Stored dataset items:
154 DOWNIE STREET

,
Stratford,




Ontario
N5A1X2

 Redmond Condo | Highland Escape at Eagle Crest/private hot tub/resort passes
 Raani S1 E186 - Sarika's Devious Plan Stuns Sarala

• _WHAT IS REQUIRED_
Repeat all the lines above, keeping them exactly as they are.

• _ANSWER SPACE_
154 DOWNIE STREET

,
Stratford,




Ontario
N5A1X2

 Redmond Condo | Highland Escape at Eagle Crest/private hot tub/resort passes
 Raani S1 E186 - Sarika's Devious Plan Stuns Sarala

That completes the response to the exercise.